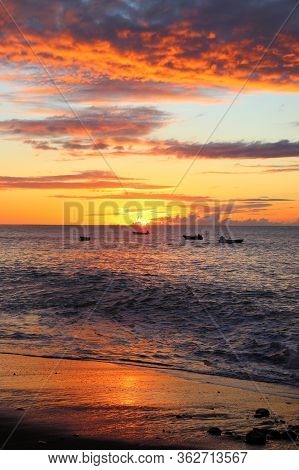 Guadeloupe Black Sand Beach. Caribbean Vacation Landscape. Sunset At Plage Caraibe Beach In Pointe N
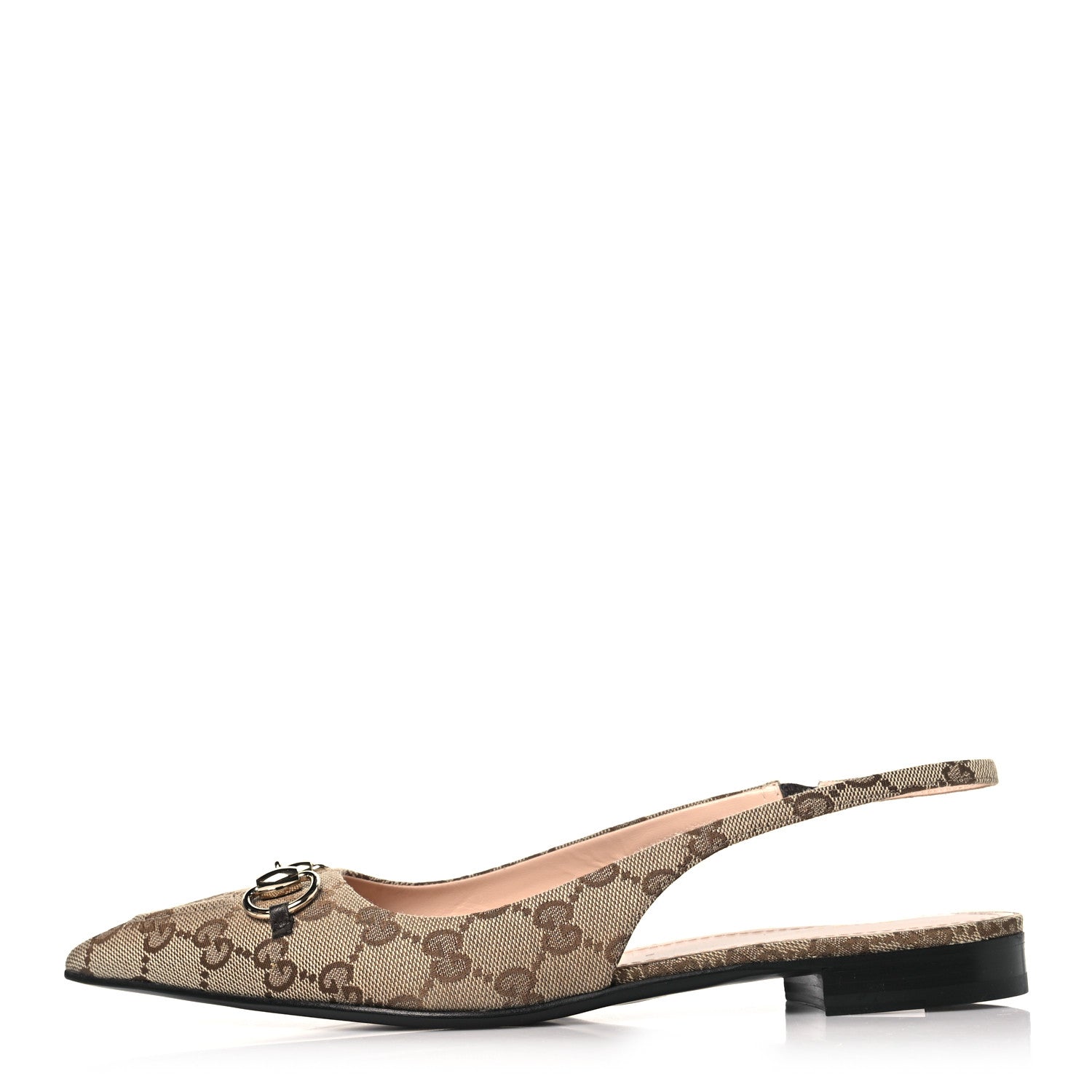 Gucci Monogram Horsebit Womens Slingback Ballet Flat 39.5 Beige Ebony Cocoa 1 of 9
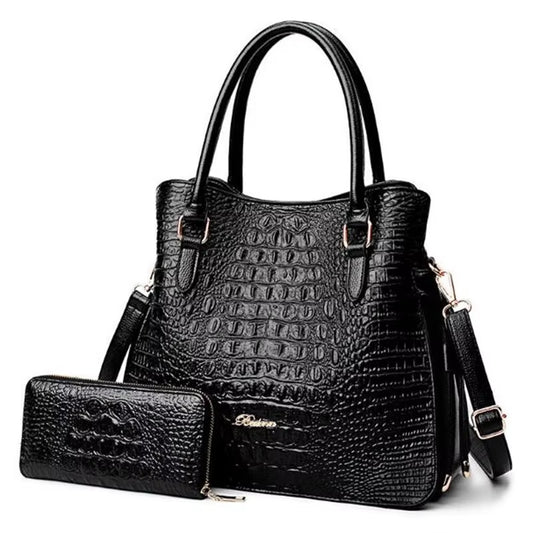 Luxury Crocodile Pattern Women's Handbag Set - 2 Piece PU Leather Shoulder and Messenger Bags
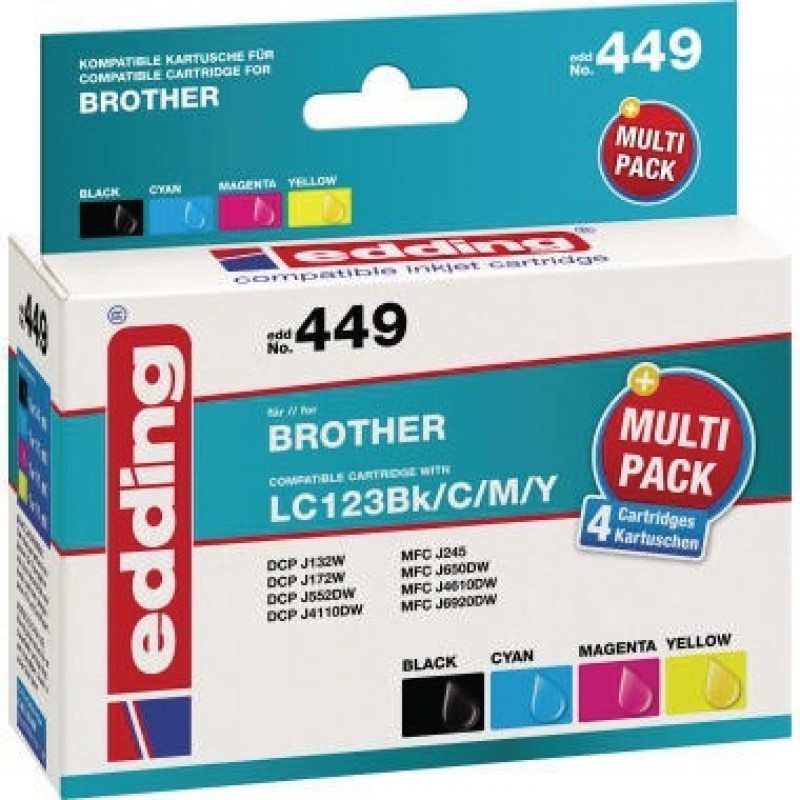 edding Tintenpatrone 18-449 wie Brother LC123 sw/c/m/y 4 St./Pack. edding Tintenpatrone 18-449 wie Brother LC123 sw/c/m/y 4 St./Pack.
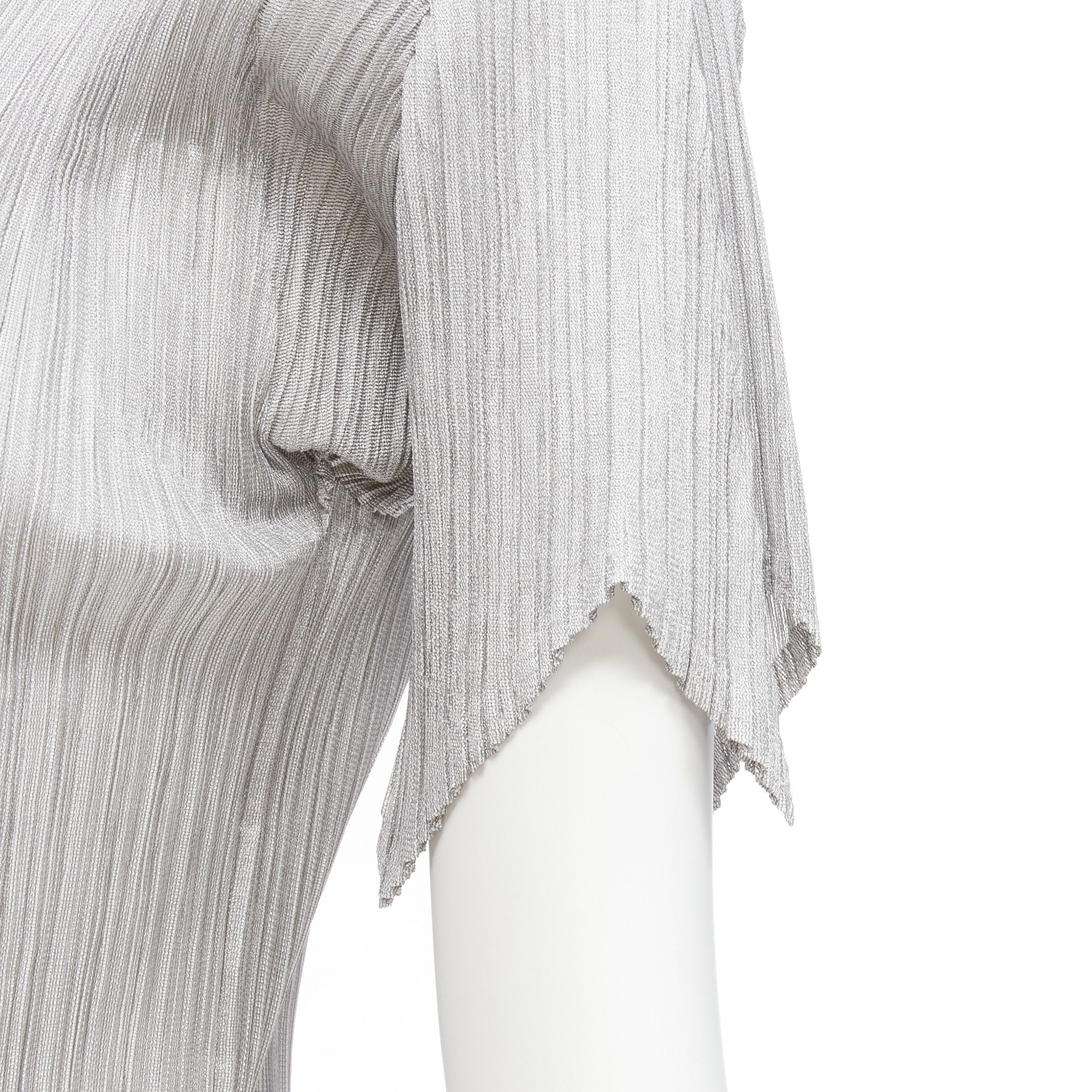 Issey Miyake ISSEY MIYAKE PLEATS PLEASE silver spike collar angular cut pleats top JP3 L Size M / US 6-8 / IT 42-44 - 7 Thumbnail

→ **PROBLEM DETAILS**
Copy the lines above exactly and exclude every image.

→ **ANSWER SECTION**
 Guadeloupe Black Sand Beach. Caribbean Vacation Landscape. Sunset At Plage Caraibe Beach In Pointe N
 Gucci Monogram Horsebit Womens Slingback Ballet Flat 39.5 Beige Ebony Cocoa 1 of 9
 Luxury Crocodile Pattern Women's Handbag Set - 2 Piece PU Leather Shoulder and Messenger Bags
 edding Tintenpatrone 18-449 wie Brother LC123 sw/c/m/y 4 St./Pack. edding Tintenpatrone 18-449 wie Brother LC123 sw/c/m/y 4 St./Pack.
 Issey Miyake ISSEY MIYAKE PLEATS PLEASE silver spike collar angular cut pleats top JP3 L Size M / US 6-8 / IT 42-44 - 7 Thumbnail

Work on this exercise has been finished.